> Exercise details: Please set down every record exactly as it appears below.

··· Supplied data

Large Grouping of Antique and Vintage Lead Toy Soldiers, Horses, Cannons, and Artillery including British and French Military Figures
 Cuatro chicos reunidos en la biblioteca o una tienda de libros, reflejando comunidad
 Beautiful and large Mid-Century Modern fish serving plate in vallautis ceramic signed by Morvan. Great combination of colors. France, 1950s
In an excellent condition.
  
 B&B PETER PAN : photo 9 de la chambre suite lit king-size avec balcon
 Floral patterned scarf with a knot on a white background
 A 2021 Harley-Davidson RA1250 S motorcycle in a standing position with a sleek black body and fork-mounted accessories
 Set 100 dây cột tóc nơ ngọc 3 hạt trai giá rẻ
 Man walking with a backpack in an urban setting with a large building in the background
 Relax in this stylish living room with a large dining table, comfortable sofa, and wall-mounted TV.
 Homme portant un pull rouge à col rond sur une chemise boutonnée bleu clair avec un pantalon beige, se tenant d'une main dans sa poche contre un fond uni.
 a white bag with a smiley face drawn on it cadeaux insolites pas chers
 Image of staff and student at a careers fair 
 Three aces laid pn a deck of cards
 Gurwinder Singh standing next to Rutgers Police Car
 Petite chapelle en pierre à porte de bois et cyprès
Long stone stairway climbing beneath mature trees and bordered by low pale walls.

······

> Task output:
Large Grouping of Antique and Vintage Lead Toy Soldiers, Horses, Cannons, and Artillery including British and French Military Figures
 Cuatro chicos reunidos en la biblioteca o una tienda de libros, reflejando comunidad
 Beautiful and large Mid-Century Modern fish serving plate in vallautis ceramic signed by Morvan. Great combination of colors. France, 1950s
In an excellent condition.
  
 B&B PETER PAN : photo 9 de la chambre suite lit king-size avec balcon
 Floral patterned scarf with a knot on a white background
 A 2021 Harley-Davidson RA1250 S motorcycle in a standing position with a sleek black body and fork-mounted accessories
 Set 100 dây cột tóc nơ ngọc 3 hạt trai giá rẻ
 Man walking with a backpack in an urban setting with a large building in the background
 Relax in this stylish living room with a large dining table, comfortable sofa, and wall-mounted TV.
 Homme portant un pull rouge à col rond sur une chemise boutonnée bleu clair avec un pantalon beige, se tenant d'une main dans sa poche contre un fond uni.
 a white bag with a smiley face drawn on it cadeaux insolites pas chers
 Image of staff and student at a careers fair 
 Three aces laid pn a deck of cards
 Gurwinder Singh standing next to Rutgers Police Car
 Petite chapelle en pierre à porte de bois et cyprès
Long stone stairway climbing beneath mature trees and bordered by low pale walls.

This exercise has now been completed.